Data released by the National Treasury on Wednesday showed that the budget moved to a deficit of R143.8 billion for July.
It is the largest deficit since 2004 and wider than the R115.5 billion forecast by economists. There was a surplus of R36.7 billion in June.
Speaking to lawmakers last week, South African Reserve Bank (SARB) Governor Lesetja Kganyago said it was essential that the country reduced fiscal risks.
In June, the bank expressed concern about a growing reluctance from local investors to continue absorbing government issuance.
Demand at Tuesday’s government bond auction was the lowest in nearly two years, based on data compiled by Bloomberg. Bidding was weakest for the longest-dated 2048 notes.
South Africa’s current debt-to-gross domestic product (GDP) ratio is 73%. In nominal terms, the country owes around R5 trillion.
The situation is set to become much worse as the country’s fiscal deficit this year will be around 6% of GDP.
Fiscal deficit is the term used to describe a shortfall in the government’s income compared to its spending.
In South Africa, the state is spending far more than it gets in, which means it has a growing fiscal deficit and needs to borrow money to make ends meet.
Speaking at the SARB’s biennial conference last week, the Bank for International Settlements (BIS) head of emerging markets, Fabrizio Zampolli, wanted that unsustainable public finances can amplify financial instability and drive inflation higher.
“Persistent fiscal deficit can put upward pressure on inflation,” he said. “The fact that this does not happen depends on central bank independence and credibility, as well as government prudence in ensuring fiscal stability.”
Inflationary effects are more significant when a country’s fiscal regime is less concerned with fiscal sustainability, and the impact of fiscal stimulus is much higher in emerging markets like South Africa than in developed economies.
“The effects are bigger in emerging markets because interest rate hikes tend to increase sovereign risk when a country already has a high level of debt.”
Zampolli’s concerns echo those of Efficient Group chief economist Dawie Roodt, who warned that South Africa’s deficit and debt levels are approaching dangerous territory.
“Revenue is under pressure, and the state’s expenses are bigger than the Finance Minister initially expected,” Roodt said.
At the current trajectory, Roodt expects the debt-to-GDP ratio to reach 76% in the current financial year and increase to 80% the year after that.
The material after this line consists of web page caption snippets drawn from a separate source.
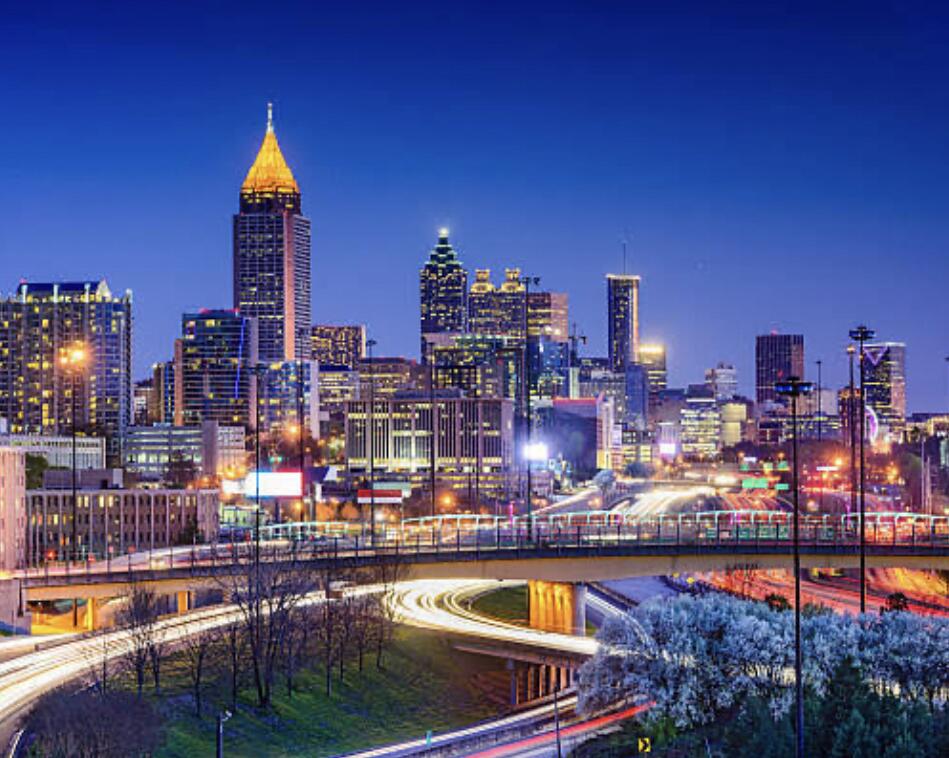 Picture of Travel to Georgia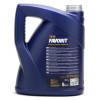 Mannol 7510 Favorit 15W-50 teilsynthetisches Motoröl 5l Kanister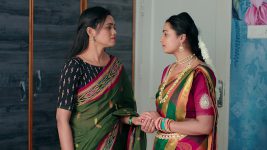 Bangaru Panjaram S01E557 Mahalakshmi Gives Her Word Full Episode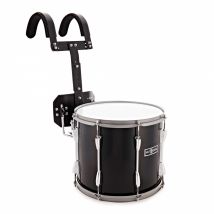 Premier NXT GEN Marching 14" x 12" Tenor Drum Black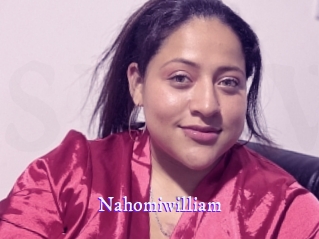 Nahomiwilliam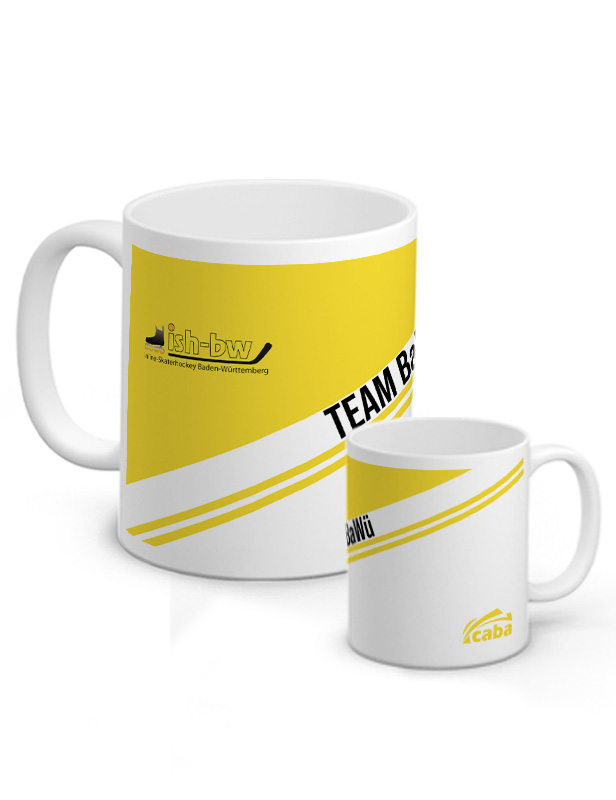 Tasse - Seitenwechsel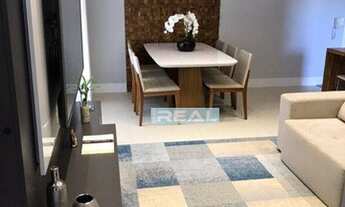 Imagem 3: Apartamento com 3 dormitórios à venda, 120 m² por R$ 785.000,00 - Residencial Mais Jardins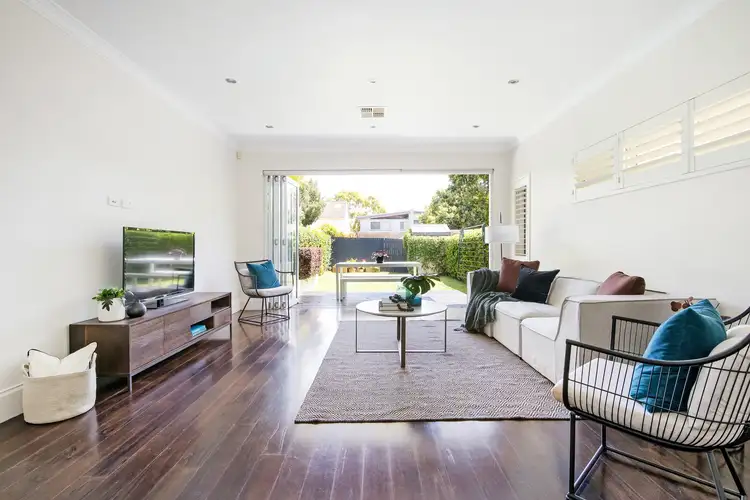Third view of Homely house listing, 124 Denison Road, Dulwich Hill NSW 2203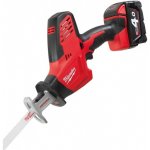 Milwaukee C18 HZ 402 B – Zboží Dáma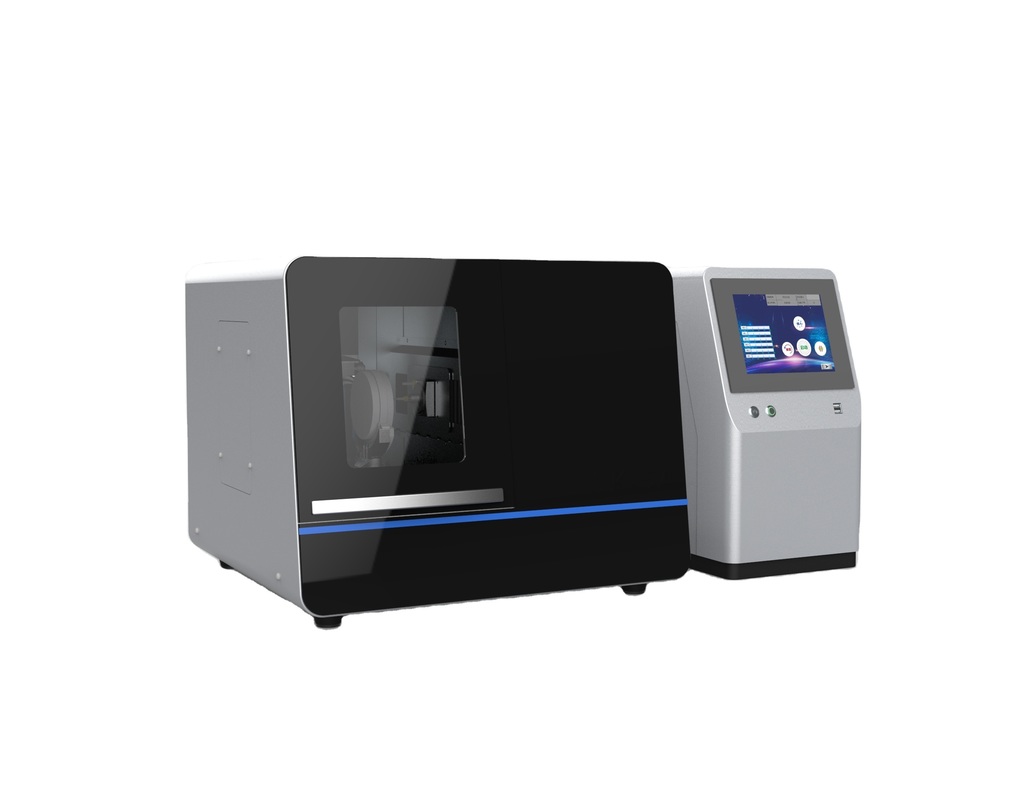 Dental Cad Cam Milling Machine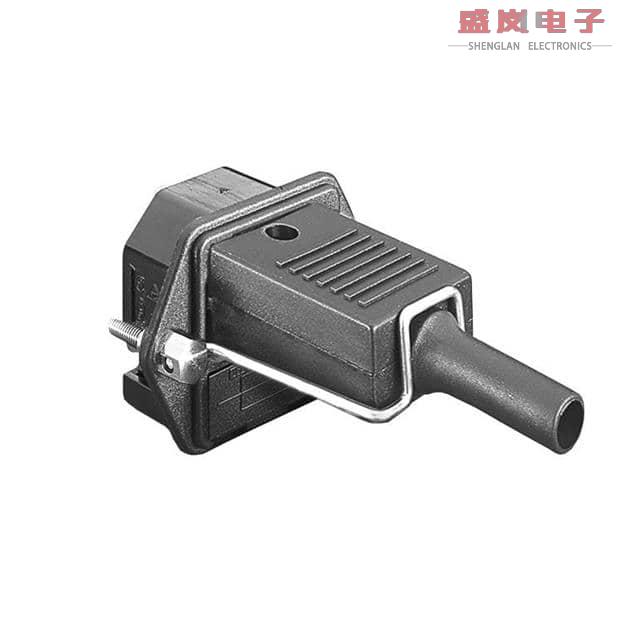 原装正品KT0009[IEC RETAINING CLIP]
“A debt-to-GDP ratio of 80% for South Africa is getting into dangerous territory,” Roodt warned.
The growing debt levels mean South Africa is spending more money on servicing the interest on state debt. It will ultimately result in high inflation levels, stifling economic growth.
“Very soon, the private sector is going to demand much higher returns on the increasing risk for funding the growing state debt,” Roodt said.
“Even the South African Reserve Bank is concerned about the growing amount of state debt the banking sector is funding.”